**What you will do:** Without any images, output the records below verbatim.

**Supplied data:**

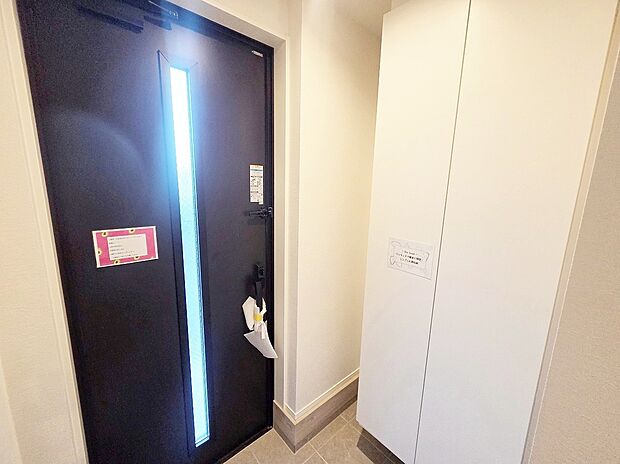 【玄関】≪Entrance≫
ご家族が増えると靴の数も増えますね。扉を閉めてしまえば玄関もすっきりとした印象に。年末年始などの来客が増える時期にも嬉しい玄関収納です。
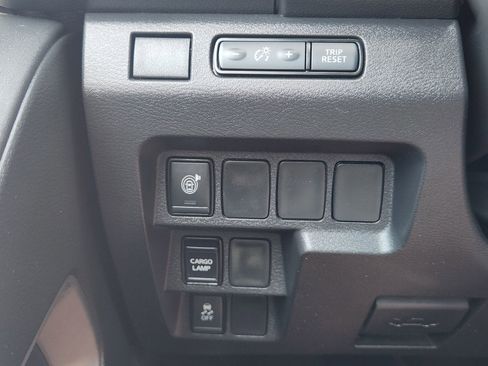 Used 2025 Nissan Frontier SV RWD image 25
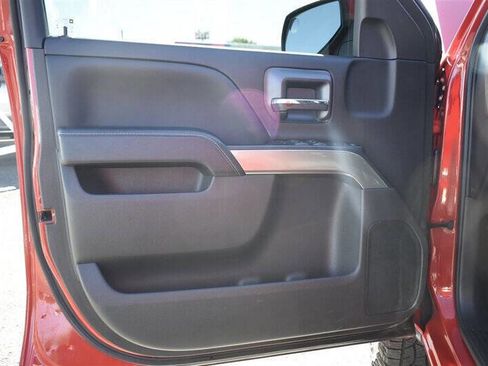 Used 2018 Chevrolet Silverado 1500 LT w/ LT Eassist Package image 11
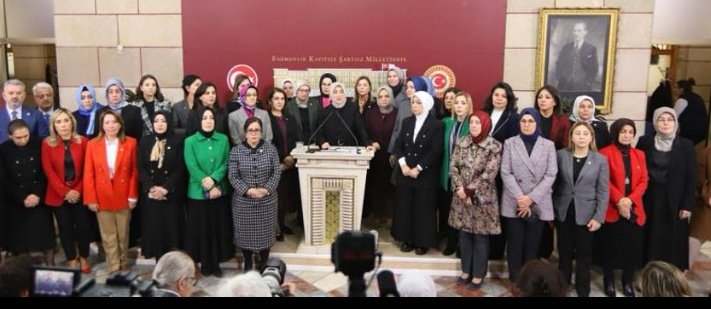 🇹🇷AİLEYİ KORUMA FEDERASYONU🇹🇷 (@suncicengiz) on Twitter photo 6284 
Ailedeki Ahlaki çöküşü ;
GENÇ EVLİLERE, 
İFTİRA, YALAN BEYAN 
UZAKLASTIRMA
SURESIZ NAFAKA 
LGBT 
İmza atan Özlem Zengin 
GELDILER ,YUVALARI DAGITTILAR VE GITILER.....
<a href="/RTErdogan/">Recep Tayyip Erdoğan</a>
<a href="/AvOzlemZengin/">Av. Özlem Zengin 🇹🇷</a> 
<a href="/FatmaSahin/">Fatma Şahin</a> 
<a href="/kademorgtr/">KADEM</a> 
<a href="/EmineErdogan/">Emine Erdoğan</a> 6284 
Ailedeki Ahlaki çöküşü ;
GENÇ EVLİLERE, 
İFTİRA, YALAN BEYAN 
UZAKLASTIRMA
SURESIZ NAFAKA 
LGBT 
İmza atan Özlem Zengin 
GELDILER ,YUVALARI DAGITTILAR VE GITILER.....
<a href="/RTErdogan/">Recep Tayyip Erdoğan</a>
<a href="/AvOzlemZengin/">Av. Özlem Zengin 🇹🇷</a> 
<a href="/FatmaSahin/">Fatma Şahin</a> 
<a href="/kademorgtr/">KADEM</a> 
<a href="/EmineErdogan/">Emine Erdoğan</a>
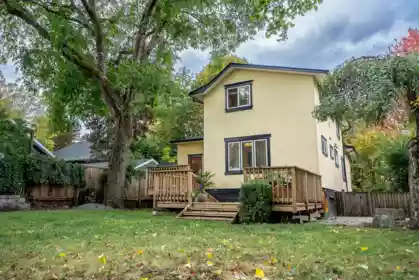 Street View Photo of 124 Sixth Avenue, New Westminster, BC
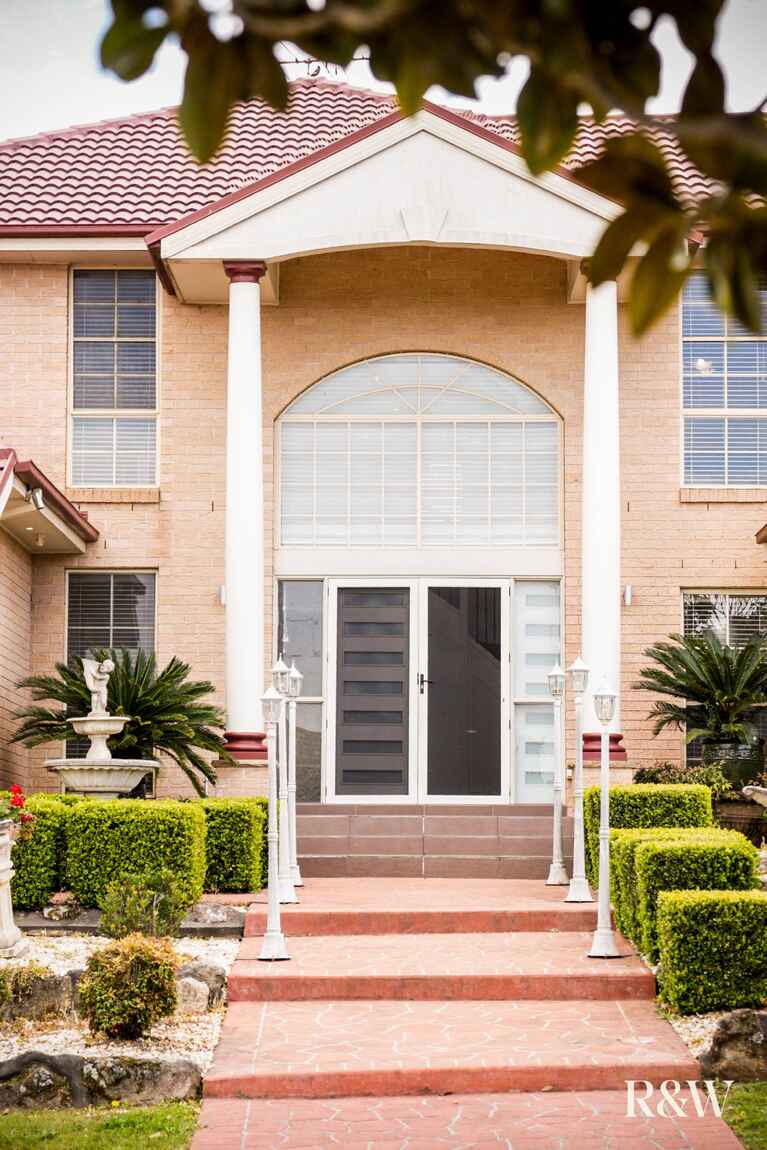 6 Forbes Way Macquarie Links 6 Forbes Way Macquarie Links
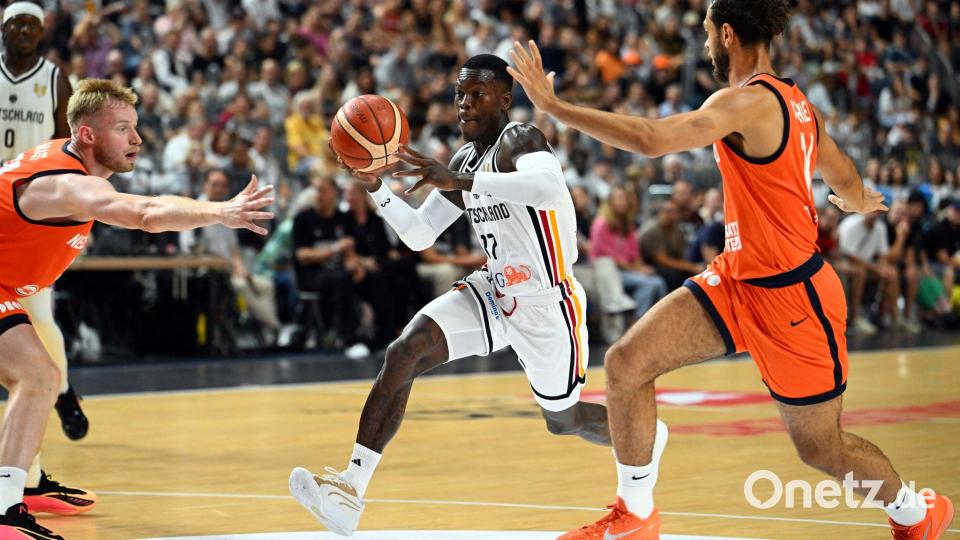 Dennis Schröder und Co. können bereits für die WM planen. Bild: Federico Gambarini/dpa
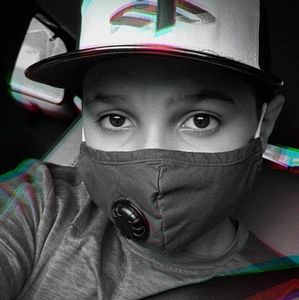 Meet your Posher, Alex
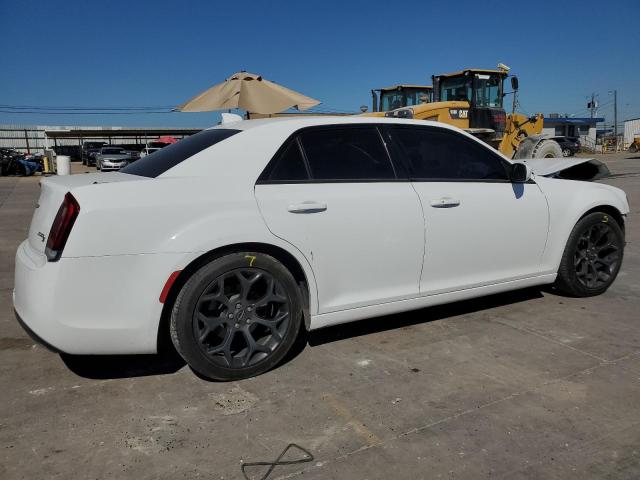 Photo 3 from auction – 2019 CHRYSLER 300 S with VIN 2C3CCABG8KH639881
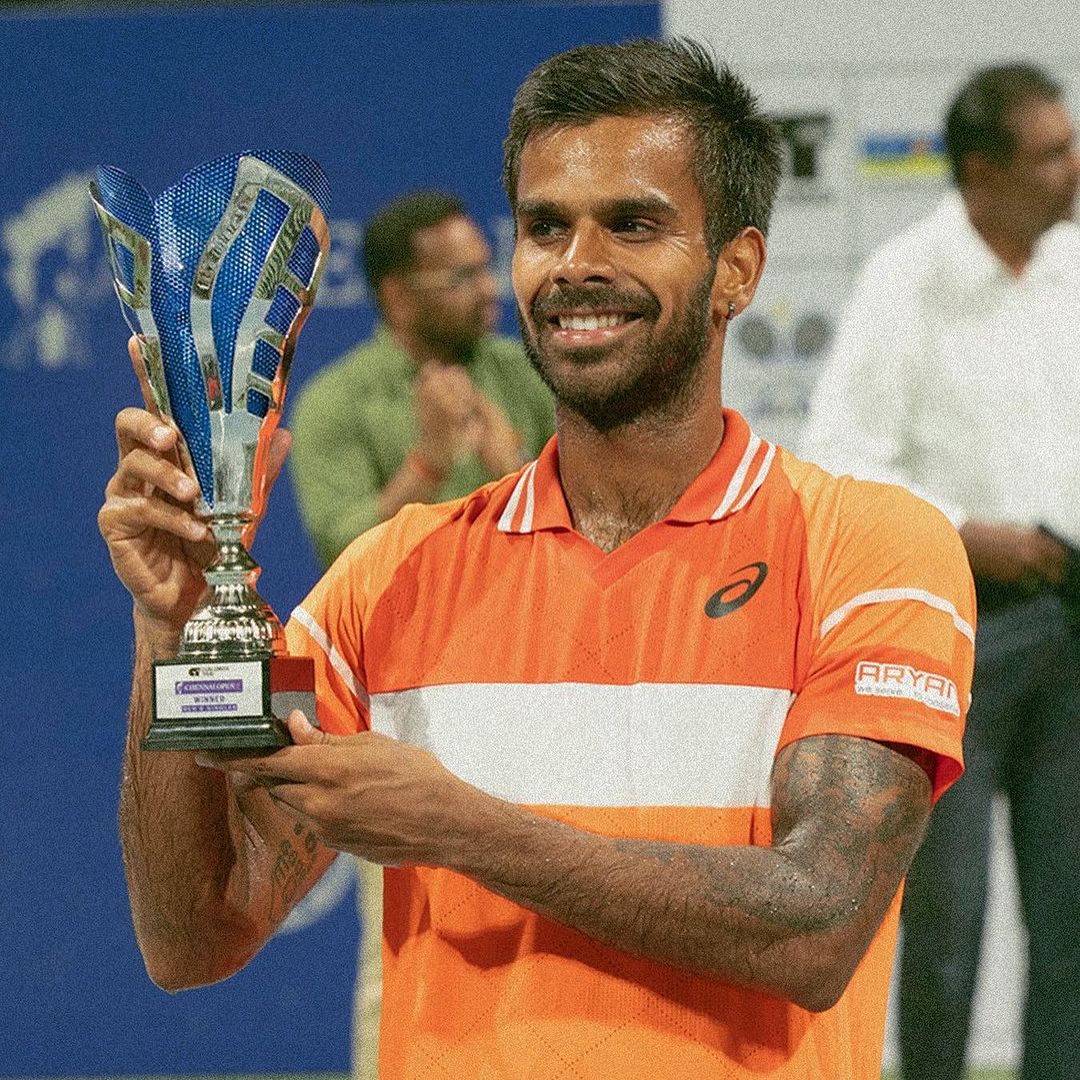 Congratulations to #IndianOilSportStar <a href="/nagalsumit/">Sumit Nagal</a> on his #ChennaiOpen 🎾victory and breaking into the Top 100 #ATP Rankings! #IndianOil is proud to support his journey, which serves as an inspiration to India's #GenNext tennis stars. Here's to many more triumphs!
#InspiringIndia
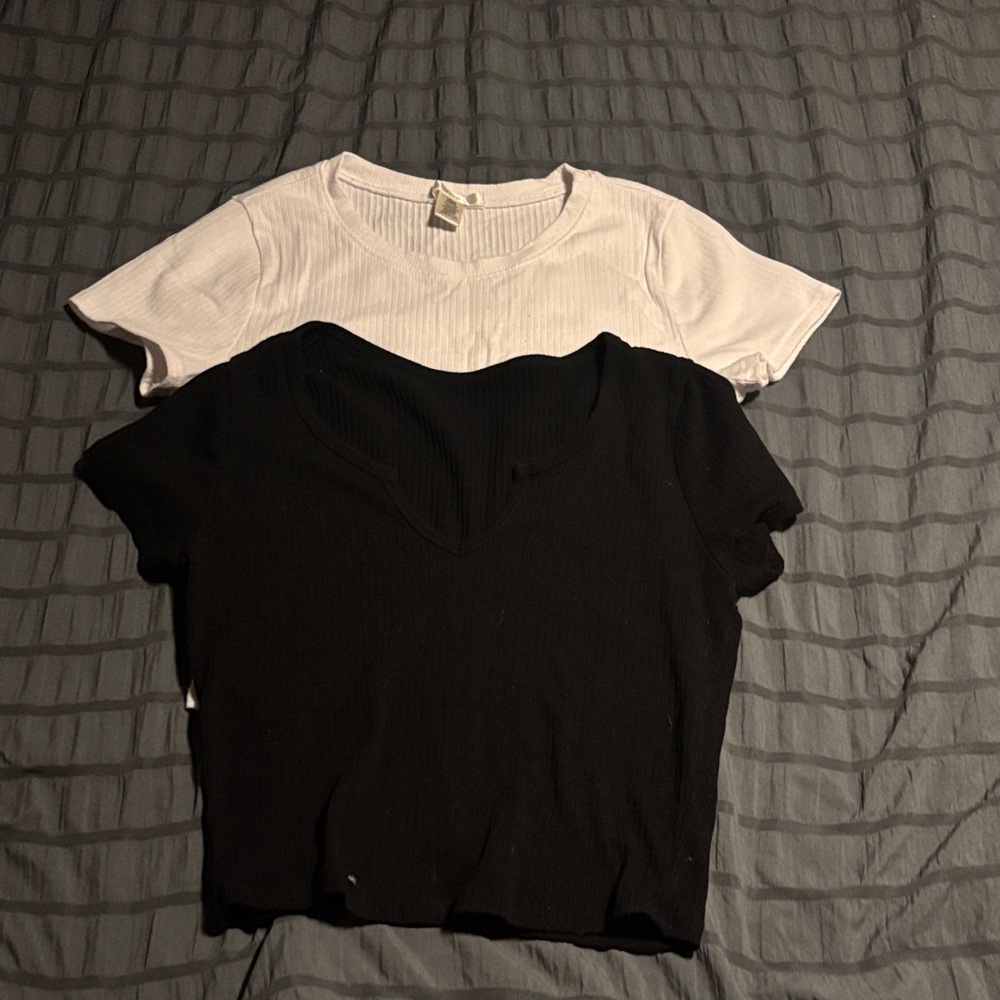 Bozzolo Black and White Short Sleeve Tees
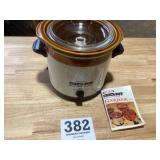 Vintage rival crockpot in nice condition with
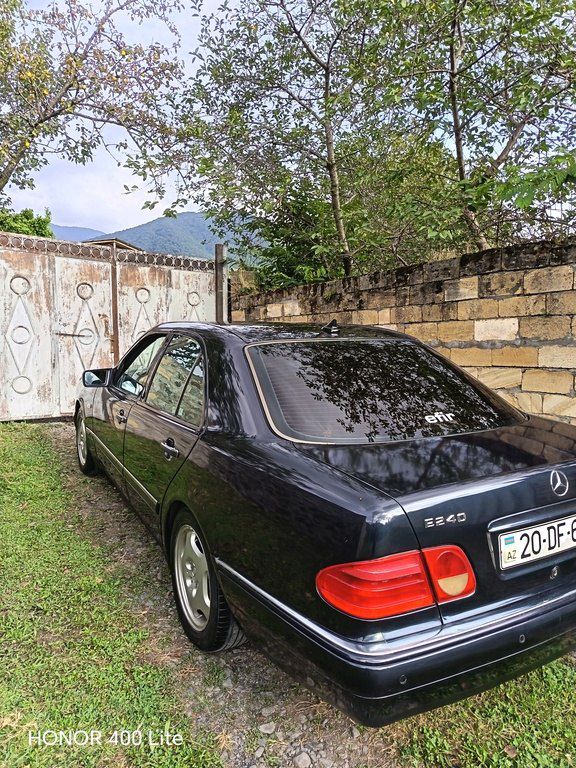 Mercedes E 240, 2.4 L, 1999 il, 327 000 km — Avtomobillər, Qax (4)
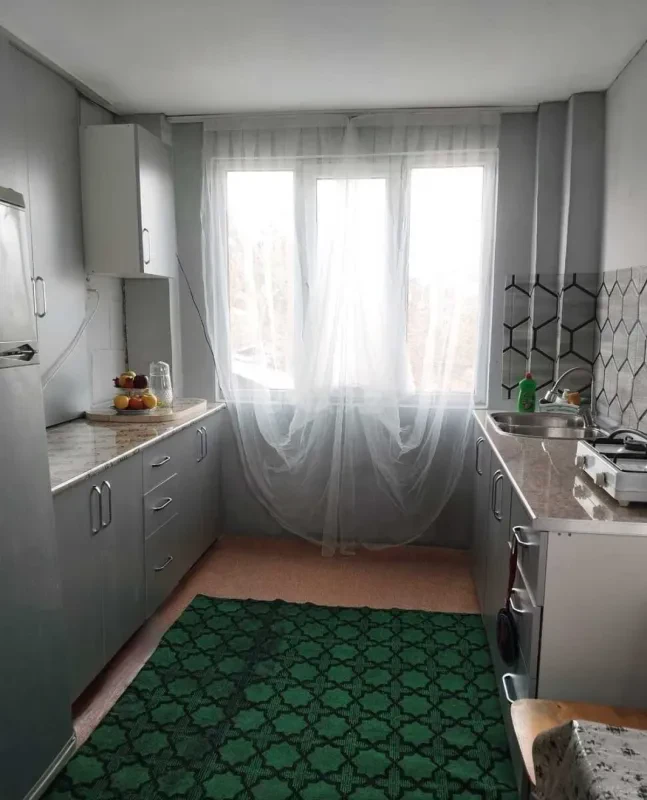 Kirayə verilir 3 otaqlı həyət evi 1000 m²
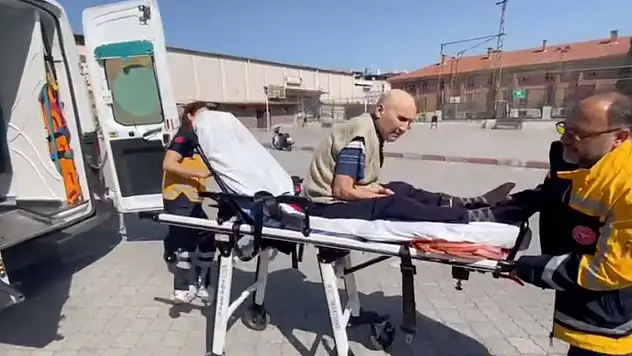 Ambulansla getirilip, sedyede oyunu kullandı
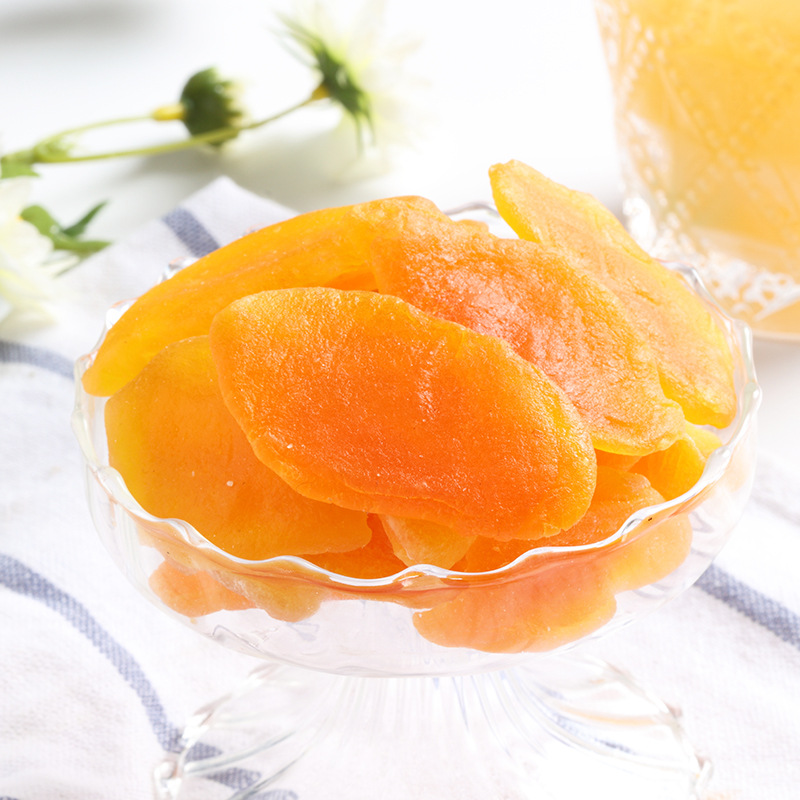 [Three Squirrels dried yellow peach 106g] casual snacks specialty preserved fruit dried dried peach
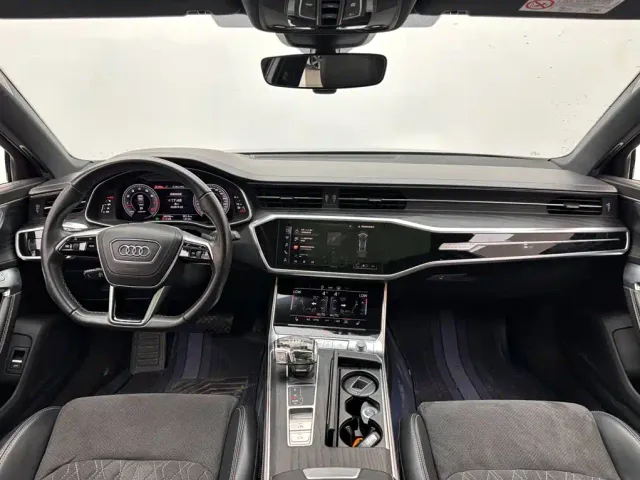 Audi A6L — Фото автомобиля 10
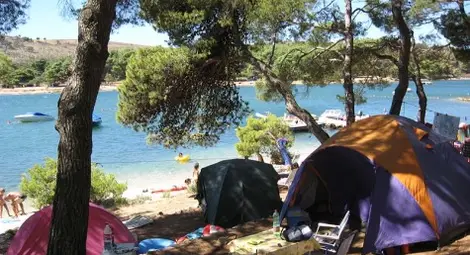 Продават къмпинг с над 50 бунгала край Варна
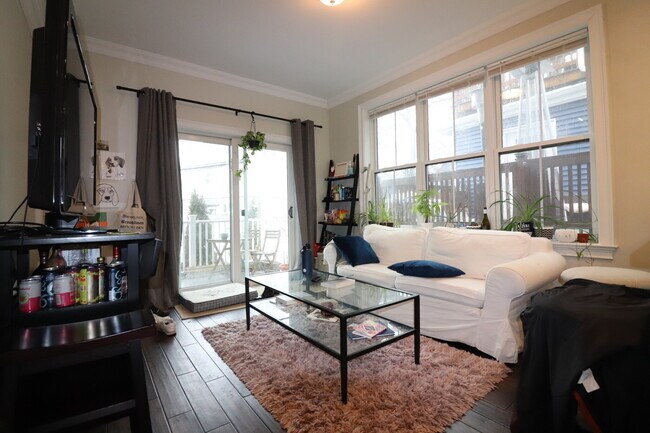 Foto del edificio - 140 Minden St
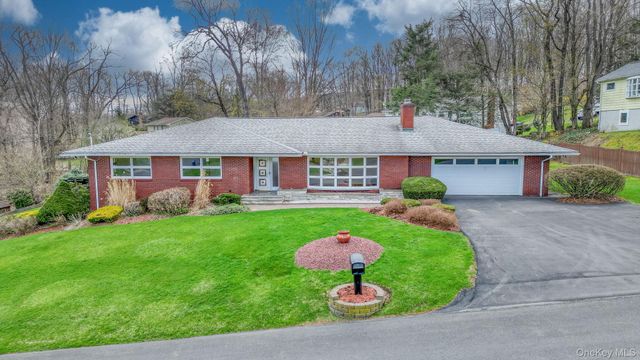 4 Oak Street, Chester, NY 10918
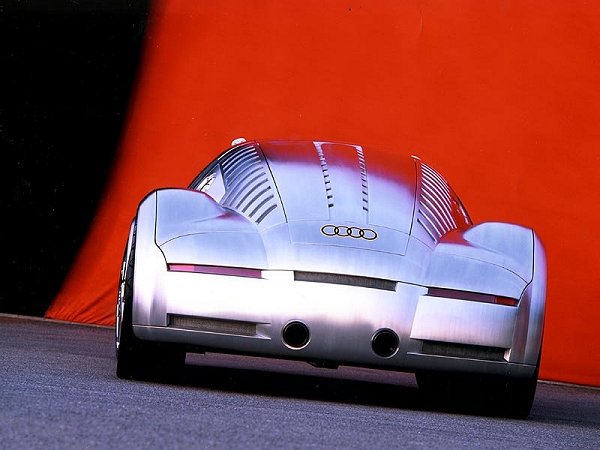 audi rosemeyer reviewThe Audi Rosemeyer is a concept car built and shown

**Output for this exercise:**
 【玄関】≪Entrance≫
ご家族が増えると靴の数も増えますね。扉を閉めてしまえば玄関もすっきりとした印象に。年末年始などの来客が増える時期にも嬉しい玄関収納です。
 Used 2025 Nissan Frontier SV RWD image 25
 Used 2018 Chevrolet Silverado 1500 LT w/ LT Eassist Package image 11
 🇹🇷AİLEYİ KORUMA FEDERASYONU🇹🇷 (@suncicengiz) on Twitter photo 6284 
Ailedeki Ahlaki çöküşü ;
GENÇ EVLİLERE, 
İFTİRA, YALAN BEYAN 
UZAKLASTIRMA
SURESIZ NAFAKA 
LGBT 
İmza atan Özlem Zengin 
GELDILER ,YUVALARI DAGITTILAR VE GITILER.....
<a href="/RTErdogan/">Recep Tayyip Erdoğan</a>
<a href="/AvOzlemZengin/">Av. Özlem Zengin 🇹🇷</a> 
<a href="/FatmaSahin/">Fatma Şahin</a> 
<a href="/kademorgtr/">KADEM</a> 
<a href="/EmineErdogan/">Emine Erdoğan</a> 6284 
Ailedeki Ahlaki çöküşü ;
GENÇ EVLİLERE, 
İFTİRA, YALAN BEYAN 
UZAKLASTIRMA
SURESIZ NAFAKA 
LGBT 
İmza atan Özlem Zengin 
GELDILER ,YUVALARI DAGITTILAR VE GITILER.....
<a href="/RTErdogan/">Recep Tayyip Erdoğan</a>
<a href="/AvOzlemZengin/">Av. Özlem Zengin 🇹🇷</a> 
<a href="/FatmaSahin/">Fatma Şahin</a> 
<a href="/kademorgtr/">KADEM</a> 
<a href="/EmineErdogan/">Emine Erdoğan</a>
 Street View Photo of 124 Sixth Avenue, New Westminster, BC
 6 Forbes Way Macquarie Links 6 Forbes Way Macquarie Links
 Dennis Schröder und Co. können bereits für die WM planen. Bild: Federico Gambarini/dpa
 Meet your Posher, Alex
 Photo 3 from auction – 2019 CHRYSLER 300 S with VIN 2C3CCABG8KH639881
 Congratulations to #IndianOilSportStar <a href="/nagalsumit/">Sumit Nagal</a> on his #ChennaiOpen 🎾victory and breaking into the Top 100 #ATP Rankings! #IndianOil is proud to support his journey, which serves as an inspiration to India's #GenNext tennis stars. Here's to many more triumphs!
#InspiringIndia
 Bozzolo Black and White Short Sleeve Tees
 Vintage rival crockpot in nice condition with
 Mercedes E 240, 2.4 L, 1999 il, 327 000 km — Avtomobillər, Qax (4)
 Kirayə verilir 3 otaqlı həyət evi 1000 m²
 Ambulansla getirilip, sedyede oyunu kullandı
 [Three Squirrels dried yellow peach 106g] casual snacks specialty preserved fruit dried dried peach
 Audi A6L — Фото автомобиля 10
 Продават къмпинг с над 50 бунгала край Варна
 Foto del edificio - 140 Minden St
 4 Oak Street, Chester, NY 10918
 audi rosemeyer reviewThe Audi Rosemeyer is a concept car built and shown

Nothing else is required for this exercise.